American Jews rally for Israel
American Jews rally for IsraelFlash 90

As the Gaza war continues, the Voice of the Jewish People Survey for April 2024, conducted by the Jewish People Policy Institute (JPPI), offers a comprehensive analysis of the sentiments and perspectives of American Jews.

The survey focuses on various aspects, including perceptions of discrimination, views on US support for Israel, divisions between Jerusalem and Washington, and more, providing valuable insights into the evolving landscape of American Jewish identity and engagement.

The survey shows American Jews across diverse political and denominational affiliations and age groups are noting a palpable sense of increased discrimination against them since the beginning of the war. The majority of American Jews surveyed believe that Israel's actions in Gaza are "acceptable" (83%), but US support for Israel’s war effort is not strong enough.

Most American Jews, 63%, intend to vote for Biden in the 2024 presidential election, compared to 17% who expect to vote for Trump.

While many American Jews express solidarity with Israel, there is a spectrum of opinions regarding the adequacy of US support during the conflict. Notably, liberal Jews tend to perceive the support as sufficient, whereas those leaning toward the center or right voice apprehensions about the level of backing from the Biden administration.

Despite some internal criticism, a majority of American Jews view Israel's actions in Gaza favorably. This perception underscores the deep-seated support for Israel within the community, even amid nuanced discussions about the proportionality of military responses.

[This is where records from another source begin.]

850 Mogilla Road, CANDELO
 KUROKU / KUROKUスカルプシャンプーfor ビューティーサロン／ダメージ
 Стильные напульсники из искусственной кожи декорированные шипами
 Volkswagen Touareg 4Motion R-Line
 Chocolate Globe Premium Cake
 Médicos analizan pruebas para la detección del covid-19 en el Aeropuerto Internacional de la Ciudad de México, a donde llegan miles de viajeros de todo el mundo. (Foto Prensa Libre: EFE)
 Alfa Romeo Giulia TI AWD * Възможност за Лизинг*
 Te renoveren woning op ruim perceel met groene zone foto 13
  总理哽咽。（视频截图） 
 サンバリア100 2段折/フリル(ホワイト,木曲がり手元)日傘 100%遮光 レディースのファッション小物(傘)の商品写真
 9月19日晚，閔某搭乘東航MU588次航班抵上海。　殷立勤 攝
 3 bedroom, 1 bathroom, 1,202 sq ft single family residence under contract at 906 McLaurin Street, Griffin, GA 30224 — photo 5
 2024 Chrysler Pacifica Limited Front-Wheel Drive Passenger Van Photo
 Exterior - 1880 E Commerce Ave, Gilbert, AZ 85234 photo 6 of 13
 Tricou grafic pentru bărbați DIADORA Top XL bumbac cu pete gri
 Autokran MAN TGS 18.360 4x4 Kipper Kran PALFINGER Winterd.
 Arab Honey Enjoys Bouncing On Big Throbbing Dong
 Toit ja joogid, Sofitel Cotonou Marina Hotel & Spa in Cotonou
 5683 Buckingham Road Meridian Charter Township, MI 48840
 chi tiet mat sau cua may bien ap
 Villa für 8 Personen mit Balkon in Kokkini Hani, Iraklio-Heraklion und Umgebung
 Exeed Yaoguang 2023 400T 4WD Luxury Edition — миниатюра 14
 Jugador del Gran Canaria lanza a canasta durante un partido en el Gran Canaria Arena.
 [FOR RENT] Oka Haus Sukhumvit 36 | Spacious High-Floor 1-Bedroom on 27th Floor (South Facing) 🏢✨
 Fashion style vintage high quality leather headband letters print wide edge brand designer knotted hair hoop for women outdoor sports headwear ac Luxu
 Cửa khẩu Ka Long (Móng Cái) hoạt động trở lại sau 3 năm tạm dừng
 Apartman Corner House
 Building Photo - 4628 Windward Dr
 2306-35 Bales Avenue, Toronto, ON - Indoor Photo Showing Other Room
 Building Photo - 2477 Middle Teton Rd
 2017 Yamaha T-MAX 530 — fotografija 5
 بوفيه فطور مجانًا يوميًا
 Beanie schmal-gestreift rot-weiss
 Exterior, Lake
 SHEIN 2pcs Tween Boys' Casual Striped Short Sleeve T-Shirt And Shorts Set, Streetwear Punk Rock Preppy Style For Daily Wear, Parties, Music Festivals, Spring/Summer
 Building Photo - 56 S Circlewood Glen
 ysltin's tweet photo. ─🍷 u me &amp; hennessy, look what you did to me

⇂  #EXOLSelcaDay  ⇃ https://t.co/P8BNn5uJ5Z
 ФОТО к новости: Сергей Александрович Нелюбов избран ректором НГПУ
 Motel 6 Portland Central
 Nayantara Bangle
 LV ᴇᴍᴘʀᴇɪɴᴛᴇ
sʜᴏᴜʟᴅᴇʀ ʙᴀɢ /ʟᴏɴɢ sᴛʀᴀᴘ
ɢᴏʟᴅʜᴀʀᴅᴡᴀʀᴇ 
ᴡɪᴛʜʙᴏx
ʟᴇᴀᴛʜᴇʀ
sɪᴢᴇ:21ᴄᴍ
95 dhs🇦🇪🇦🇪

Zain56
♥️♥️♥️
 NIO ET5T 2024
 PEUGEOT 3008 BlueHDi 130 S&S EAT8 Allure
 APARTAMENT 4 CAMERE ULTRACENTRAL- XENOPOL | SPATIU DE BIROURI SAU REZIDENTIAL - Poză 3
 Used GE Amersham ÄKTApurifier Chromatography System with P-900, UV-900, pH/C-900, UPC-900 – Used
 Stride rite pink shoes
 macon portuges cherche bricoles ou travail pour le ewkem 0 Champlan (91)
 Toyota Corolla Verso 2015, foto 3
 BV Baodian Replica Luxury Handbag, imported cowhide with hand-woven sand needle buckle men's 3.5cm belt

JPPI’s president, Professor Yedidia Stern commented: “American Jews, the strongest Diaspora community in Jewish history, are going through a difficult period as evidenced by their perception of anti-Jewish discrimination. On the eve of Holocaust Remembrance Day, it becomes clear that the label 'Jew' continues to evoke dormant seeds of hatred, even in the US.”

Against the backdrop of protests on various campuses across the United States, inundated with harsh expressions of antisemitism and Israel hatred, the index shows a worrying rise in perceptions of discrimination among American Jews since the start of the war in Gaza. According to the survey findings, a decisive majority of American Jews (among survey respondents) believe that there has been an increase in discrimination against them since the start of the Gaza war, to a much greater extent than against Muslims. This feeling is prevalent across all political groups, religious denominations, and age groups.

The majority of American Jews surveyed believe that Israel's actions in Gaza are "acceptable" (83%), but US support for Israel’s war effort is not strong enough. A significant gap is also noted between liberal and conservative US Jews regarding the extent of American government support for Israel: while liberal Jews mostly believe that US support for Israel is "appropriate," centrist and right-wing Jews mostly believe that "the US does not support Israel enough."

Ahead of the November presidential elections, the index data reveal that a majority of American Jews, 63%, intend to vote for Biden, compared to 17% who say they expect to vote for Trump. 11% of respondents said they have not yet decided. Considering similar survey findings from November 2023, the data indicates a possible downward trend in support for Trump among American Jews.

It should be emphasized that this survey does not represent all American Jews but provides a snapshot of a specific group of American Jews involved in the community. The survey was conducted among 700 American Jews registered with the Jewish People Policy Institute’s Voice of the Jewish People respondent panel. The report does not provide a weighted picture that represents the position of "all American Jews," but the number of participants from different groups allows for the identification of trends, clear positions, and disparities between various groups of Jews based on religious affiliation, closeness to Israel, political stance, connection to Judaism, and more.